Eduardo Bolsonaro afirma que espera que Trump não puna os brasileiros com a sobretaxa de 25% sobre produtos brasileiros. Ele destaca que não pediu a tarifa, e sim sanções individuais contra autoridades brasileiras, incluindo a retomada da Lei Magnitsky contra Alexandre de Moraes. O pronunciamento ocorreu em Washington, nesta terça-feira (2).

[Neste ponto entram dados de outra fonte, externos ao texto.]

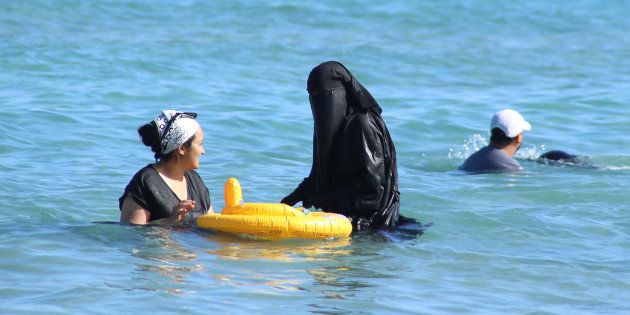 A woman wearing a niqab (C) cools off on the beach in Bizerte, Tunisia, July 21, 2016.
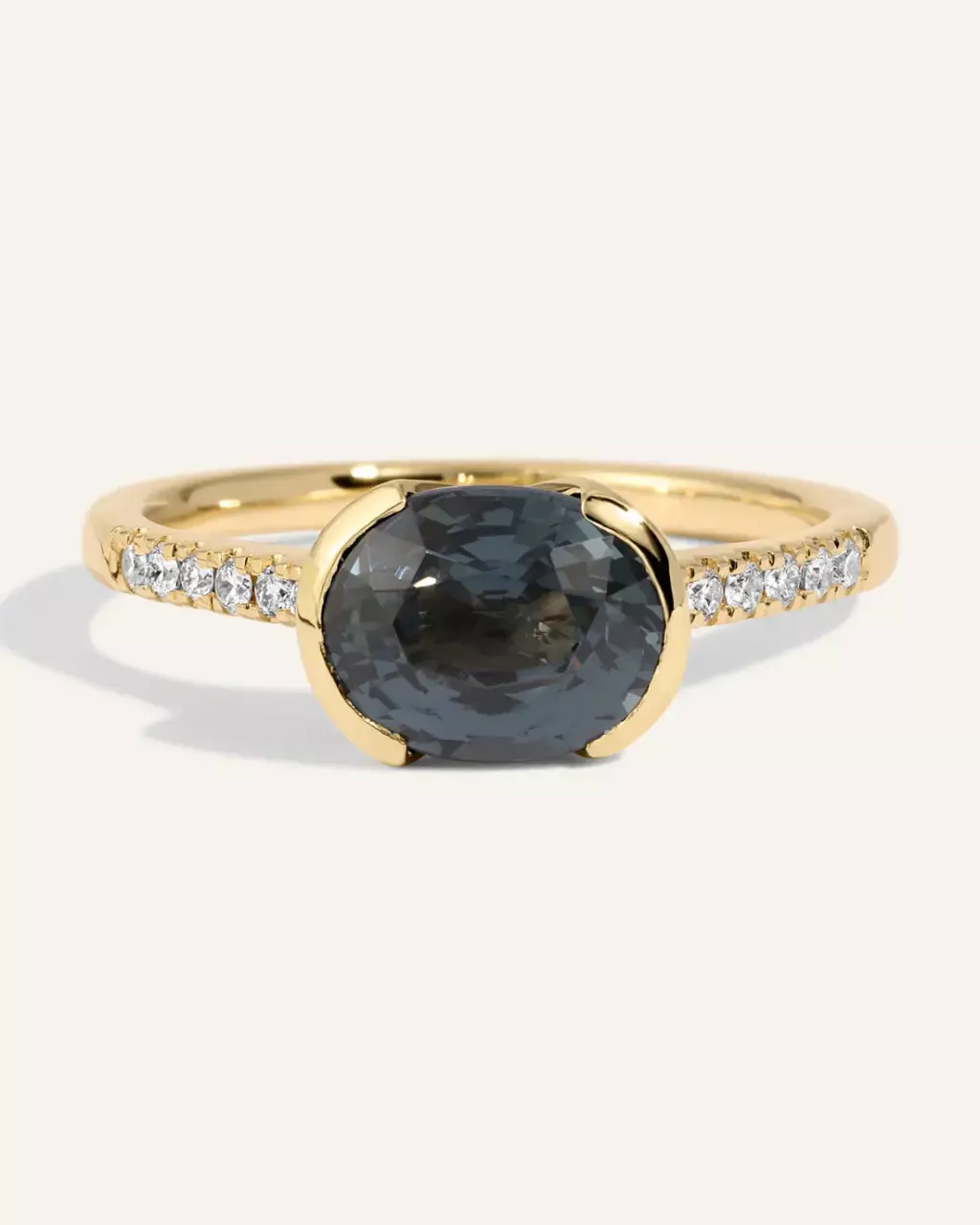 Detailed view of the Estrada Ring: a 2.31 ct dark gray‑blue spinel mounted side‑to‑side in a half‑bezel 14k gold setting, enhanced by a row of .09 ctw SI G‑H diamonds covering half the band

O ex-deputado também relembra que o objetivo é dissociar o bolsonarismo da tarifa imposta pelos EUA. O irmão Flávio Bolsonaro participou de ações públicas, defendendo que a tarifa é atribuída ao governo Lula e afirmando que pode haver acordo comercial entre Brasil e EUA. Acompanhando, aliados ressaltaram que houve apenas sugestão de tarifa durante a reunião.
Paulo Figueiredo, aliado, informou que ainda há etapas técnicas e que o presidente americano pode não impor tarifa. O grupo avalia que a decisão final depende de Trump, com possibilidade de orientação diferente caso haja acordo futuro entre as lideranças brasileiras.
Dados sobre a Lei Magnitsky e o contexto
Eduardo afirmou que pediu sanções individuais, e não a tarifa, incluindo o retorno da Lei Magnitsky contra Alexandre de Moraes. Moraes foi alvo de sanções em 2025, com restrições de viagem e bloqueios financeiros, mas a lista foi retirada pelo Tesouro dos EUA em dezembro do mesmo ano.
Segundo o ex-deputado, as avaliações políticas nos EUA devem levar em conta o resultado das eleições brasileiras antes de avançar em medidas comerciais mais amplas. Ele sustenta que um eventual governo liderado por Flávio Bolsonaro poderia conduzir um acordo favorável a ambos os países.